* _Assignment_: Write out only the lines running from the one that contains "Sørvestvendt markterrasse med" to the end of the material, both ends included.

* _Extracted information_:
○ ○ ○ ○
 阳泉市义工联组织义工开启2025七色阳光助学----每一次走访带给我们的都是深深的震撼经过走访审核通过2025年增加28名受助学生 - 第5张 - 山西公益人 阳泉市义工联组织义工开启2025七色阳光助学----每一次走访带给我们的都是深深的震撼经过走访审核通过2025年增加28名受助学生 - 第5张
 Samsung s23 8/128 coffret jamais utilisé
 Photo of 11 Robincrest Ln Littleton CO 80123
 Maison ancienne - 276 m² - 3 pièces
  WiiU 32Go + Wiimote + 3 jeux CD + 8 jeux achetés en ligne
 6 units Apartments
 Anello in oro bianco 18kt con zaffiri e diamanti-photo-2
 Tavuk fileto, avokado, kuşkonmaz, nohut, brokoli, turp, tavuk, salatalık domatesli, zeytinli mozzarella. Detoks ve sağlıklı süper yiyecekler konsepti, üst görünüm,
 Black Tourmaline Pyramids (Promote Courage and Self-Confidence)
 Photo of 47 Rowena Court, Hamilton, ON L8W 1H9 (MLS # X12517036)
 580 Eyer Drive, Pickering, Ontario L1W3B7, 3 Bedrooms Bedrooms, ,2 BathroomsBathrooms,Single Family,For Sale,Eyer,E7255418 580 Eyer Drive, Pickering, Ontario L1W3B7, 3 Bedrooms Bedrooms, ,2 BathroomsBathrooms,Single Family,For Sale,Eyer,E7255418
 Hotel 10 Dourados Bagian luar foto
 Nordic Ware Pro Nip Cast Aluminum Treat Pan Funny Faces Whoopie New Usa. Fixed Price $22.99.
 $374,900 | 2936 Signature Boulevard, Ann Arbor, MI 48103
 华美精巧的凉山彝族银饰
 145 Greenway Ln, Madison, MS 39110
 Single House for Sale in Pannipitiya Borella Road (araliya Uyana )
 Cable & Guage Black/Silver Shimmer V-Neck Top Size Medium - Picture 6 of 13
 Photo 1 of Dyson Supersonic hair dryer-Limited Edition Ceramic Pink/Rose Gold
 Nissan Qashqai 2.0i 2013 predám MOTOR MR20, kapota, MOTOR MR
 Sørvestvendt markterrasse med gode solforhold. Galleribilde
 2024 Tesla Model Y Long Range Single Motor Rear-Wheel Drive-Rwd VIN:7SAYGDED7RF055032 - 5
○ ○ ○ ○
* _Output of the exercise_:
 Sørvestvendt markterrasse med gode solforhold. Galleribilde
 2024 Tesla Model Y Long Range Single Motor Rear-Wheel Drive-Rwd VIN:7SAYGDED7RF055032 - 5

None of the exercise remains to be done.